幸せ・幸福とは、恵まれた状態にあって、満足に楽しく感ずること(岩波国語辞典)。
哲学者三木清は『人生論ノート』で「成功と幸福とを、不成功と不幸とを同一視するようになって以来、人間は真の幸福が何であるかを理解し得なくなった」と言っています。また、幸福はつねに外に現れるもので、「鳥の歌うが如くおのずから外に現れて他の人を幸福にするものが真の幸福である」とも書きました。
確かに今、注目されている温泉地のリーダーたちは、自身の事業のビジネス的成功を第一目的とせず、また楽しみながら地域にかかわっています。
阿寒湖温泉のリーダー、旅館経営者の大西雅之さんは「地域のために使うお金も自分の旅館への投資も同じことだと思っているから」と、地域活動に費やす時間とお金の投資を惜しみません。「旅館と地域は表裏一体だから。そしてこの魅力的な阿寒に惚れこんでいる」というのがその心です。

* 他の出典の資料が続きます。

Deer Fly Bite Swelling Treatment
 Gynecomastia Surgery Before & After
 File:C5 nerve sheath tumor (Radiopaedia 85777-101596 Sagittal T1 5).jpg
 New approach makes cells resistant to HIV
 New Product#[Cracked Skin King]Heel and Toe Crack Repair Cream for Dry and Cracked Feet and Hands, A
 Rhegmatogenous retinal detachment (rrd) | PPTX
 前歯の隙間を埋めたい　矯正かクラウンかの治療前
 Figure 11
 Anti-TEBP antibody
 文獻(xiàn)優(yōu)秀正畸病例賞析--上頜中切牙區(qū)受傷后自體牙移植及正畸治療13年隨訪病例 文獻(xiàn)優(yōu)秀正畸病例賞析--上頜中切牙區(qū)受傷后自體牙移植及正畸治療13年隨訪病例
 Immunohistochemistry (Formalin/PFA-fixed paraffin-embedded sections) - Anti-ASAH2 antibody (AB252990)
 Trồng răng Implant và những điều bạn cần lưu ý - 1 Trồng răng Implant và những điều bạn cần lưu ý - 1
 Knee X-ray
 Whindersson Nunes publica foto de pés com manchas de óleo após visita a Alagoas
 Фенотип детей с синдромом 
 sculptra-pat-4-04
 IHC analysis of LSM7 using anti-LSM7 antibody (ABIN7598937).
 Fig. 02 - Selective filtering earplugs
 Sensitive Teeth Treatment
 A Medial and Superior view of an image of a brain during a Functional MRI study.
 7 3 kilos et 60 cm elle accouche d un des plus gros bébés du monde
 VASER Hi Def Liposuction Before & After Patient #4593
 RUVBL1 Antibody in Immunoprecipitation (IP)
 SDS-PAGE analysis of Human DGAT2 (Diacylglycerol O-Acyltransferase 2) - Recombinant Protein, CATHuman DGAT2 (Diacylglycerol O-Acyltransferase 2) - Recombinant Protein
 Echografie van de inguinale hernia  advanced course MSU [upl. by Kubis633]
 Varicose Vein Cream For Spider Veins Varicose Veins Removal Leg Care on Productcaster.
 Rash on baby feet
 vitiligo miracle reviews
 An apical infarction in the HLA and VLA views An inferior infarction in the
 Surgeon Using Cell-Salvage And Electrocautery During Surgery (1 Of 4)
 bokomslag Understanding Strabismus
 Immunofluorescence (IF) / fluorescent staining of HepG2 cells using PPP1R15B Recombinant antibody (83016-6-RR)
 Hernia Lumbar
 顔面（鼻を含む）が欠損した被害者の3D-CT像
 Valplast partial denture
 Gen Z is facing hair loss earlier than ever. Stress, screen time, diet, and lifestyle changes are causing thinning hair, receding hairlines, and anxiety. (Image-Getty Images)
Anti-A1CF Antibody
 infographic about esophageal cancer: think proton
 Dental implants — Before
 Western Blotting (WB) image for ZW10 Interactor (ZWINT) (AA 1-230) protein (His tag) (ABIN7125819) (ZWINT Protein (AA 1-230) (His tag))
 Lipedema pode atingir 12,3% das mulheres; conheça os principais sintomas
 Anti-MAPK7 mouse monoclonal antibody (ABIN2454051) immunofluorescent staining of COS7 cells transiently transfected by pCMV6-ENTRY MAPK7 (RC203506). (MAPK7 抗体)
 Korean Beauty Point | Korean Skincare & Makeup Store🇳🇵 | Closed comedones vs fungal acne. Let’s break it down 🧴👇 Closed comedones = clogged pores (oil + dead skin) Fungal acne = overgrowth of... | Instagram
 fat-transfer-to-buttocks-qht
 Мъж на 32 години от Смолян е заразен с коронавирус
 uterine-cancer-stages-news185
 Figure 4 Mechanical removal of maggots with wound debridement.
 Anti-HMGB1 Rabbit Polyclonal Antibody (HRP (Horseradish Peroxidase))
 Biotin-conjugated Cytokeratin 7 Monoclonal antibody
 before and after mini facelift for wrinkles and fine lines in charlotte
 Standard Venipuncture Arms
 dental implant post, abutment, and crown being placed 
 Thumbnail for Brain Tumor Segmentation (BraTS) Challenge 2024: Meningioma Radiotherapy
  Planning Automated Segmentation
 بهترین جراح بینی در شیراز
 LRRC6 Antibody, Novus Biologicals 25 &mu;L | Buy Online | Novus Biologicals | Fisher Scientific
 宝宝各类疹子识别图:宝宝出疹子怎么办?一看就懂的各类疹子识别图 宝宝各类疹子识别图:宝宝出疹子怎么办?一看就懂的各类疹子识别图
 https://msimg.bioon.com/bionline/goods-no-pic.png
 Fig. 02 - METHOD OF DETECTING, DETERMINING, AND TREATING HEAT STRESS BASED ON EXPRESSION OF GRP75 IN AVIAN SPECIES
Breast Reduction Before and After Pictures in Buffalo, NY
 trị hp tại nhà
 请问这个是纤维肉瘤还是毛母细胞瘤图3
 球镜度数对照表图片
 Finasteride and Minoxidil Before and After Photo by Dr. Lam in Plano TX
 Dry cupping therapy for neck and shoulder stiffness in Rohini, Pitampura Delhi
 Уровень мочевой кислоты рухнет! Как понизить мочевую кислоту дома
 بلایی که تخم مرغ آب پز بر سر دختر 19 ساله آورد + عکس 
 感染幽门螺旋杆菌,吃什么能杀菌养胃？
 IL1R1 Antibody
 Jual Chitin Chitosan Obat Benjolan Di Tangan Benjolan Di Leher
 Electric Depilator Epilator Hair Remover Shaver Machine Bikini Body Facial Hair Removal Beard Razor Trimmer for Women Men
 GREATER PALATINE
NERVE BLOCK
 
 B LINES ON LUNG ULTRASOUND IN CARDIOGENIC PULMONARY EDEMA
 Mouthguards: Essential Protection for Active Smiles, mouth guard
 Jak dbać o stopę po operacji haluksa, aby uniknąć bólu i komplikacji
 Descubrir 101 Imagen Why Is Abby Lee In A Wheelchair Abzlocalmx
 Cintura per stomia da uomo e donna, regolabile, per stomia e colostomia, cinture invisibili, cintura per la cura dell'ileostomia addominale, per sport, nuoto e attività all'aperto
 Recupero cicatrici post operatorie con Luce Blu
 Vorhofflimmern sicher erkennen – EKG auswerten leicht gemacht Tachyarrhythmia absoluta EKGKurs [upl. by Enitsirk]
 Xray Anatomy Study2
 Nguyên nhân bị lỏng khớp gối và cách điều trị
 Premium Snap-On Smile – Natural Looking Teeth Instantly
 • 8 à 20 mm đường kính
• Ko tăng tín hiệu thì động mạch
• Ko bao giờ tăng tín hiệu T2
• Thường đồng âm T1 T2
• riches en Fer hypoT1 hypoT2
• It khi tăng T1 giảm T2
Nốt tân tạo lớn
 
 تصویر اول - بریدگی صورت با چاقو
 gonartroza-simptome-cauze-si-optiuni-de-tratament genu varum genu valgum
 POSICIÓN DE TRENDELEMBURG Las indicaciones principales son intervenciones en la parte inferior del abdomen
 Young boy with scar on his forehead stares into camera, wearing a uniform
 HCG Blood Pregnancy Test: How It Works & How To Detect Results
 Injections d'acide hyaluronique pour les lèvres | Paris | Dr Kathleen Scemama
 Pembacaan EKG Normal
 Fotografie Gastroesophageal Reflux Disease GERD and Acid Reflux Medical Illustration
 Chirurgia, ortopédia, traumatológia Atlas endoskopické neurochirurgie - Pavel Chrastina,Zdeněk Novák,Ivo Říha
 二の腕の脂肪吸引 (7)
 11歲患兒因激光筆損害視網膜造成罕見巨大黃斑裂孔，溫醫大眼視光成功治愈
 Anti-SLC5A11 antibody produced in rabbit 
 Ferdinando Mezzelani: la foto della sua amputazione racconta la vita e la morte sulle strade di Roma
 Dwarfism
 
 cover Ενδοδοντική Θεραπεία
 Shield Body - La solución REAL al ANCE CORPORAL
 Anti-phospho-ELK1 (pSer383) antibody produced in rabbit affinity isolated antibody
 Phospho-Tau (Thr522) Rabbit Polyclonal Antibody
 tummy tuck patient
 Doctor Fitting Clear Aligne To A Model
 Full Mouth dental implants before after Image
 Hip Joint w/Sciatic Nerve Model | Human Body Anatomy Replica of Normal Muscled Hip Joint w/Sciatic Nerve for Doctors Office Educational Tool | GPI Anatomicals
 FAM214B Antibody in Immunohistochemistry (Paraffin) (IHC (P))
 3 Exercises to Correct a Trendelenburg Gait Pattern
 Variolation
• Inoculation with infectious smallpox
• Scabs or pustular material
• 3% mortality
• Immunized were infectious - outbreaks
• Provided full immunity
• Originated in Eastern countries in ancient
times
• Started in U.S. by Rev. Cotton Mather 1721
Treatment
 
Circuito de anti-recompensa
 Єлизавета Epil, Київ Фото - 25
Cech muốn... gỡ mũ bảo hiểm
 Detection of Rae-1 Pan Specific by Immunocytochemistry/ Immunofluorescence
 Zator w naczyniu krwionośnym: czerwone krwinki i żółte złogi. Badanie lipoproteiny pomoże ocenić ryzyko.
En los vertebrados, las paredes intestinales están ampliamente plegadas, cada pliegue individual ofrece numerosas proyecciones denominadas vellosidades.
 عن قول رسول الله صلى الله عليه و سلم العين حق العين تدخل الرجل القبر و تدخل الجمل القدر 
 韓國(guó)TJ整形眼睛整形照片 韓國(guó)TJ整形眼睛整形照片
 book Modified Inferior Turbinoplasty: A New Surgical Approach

別府温泉活性化の動きは、地域のシンボル的な存在の「竹瓦温泉」鉄筋化計画に対する市民運動から始まりました。その後観光関係者と市民が一緒になって始めた路地裏ウォーキングツアーや路地裏文化祭、まちづくりイベント「オンパク」は地元市民からファン層を拡大し、”元気な温泉地別府”という情報発信をしています。私たちは地域の魅力を磨き、自ら楽しんでいる地域へ引き寄せられるのです。
幸せな気分になりたくてやってくる来訪者を幸せにしたいのが温泉地。
温泉地は”鳥の歌うがごとく”自ずからその幸福を外に現して、来訪者をいつのまにか幸福にする場所なのではないでしょうか。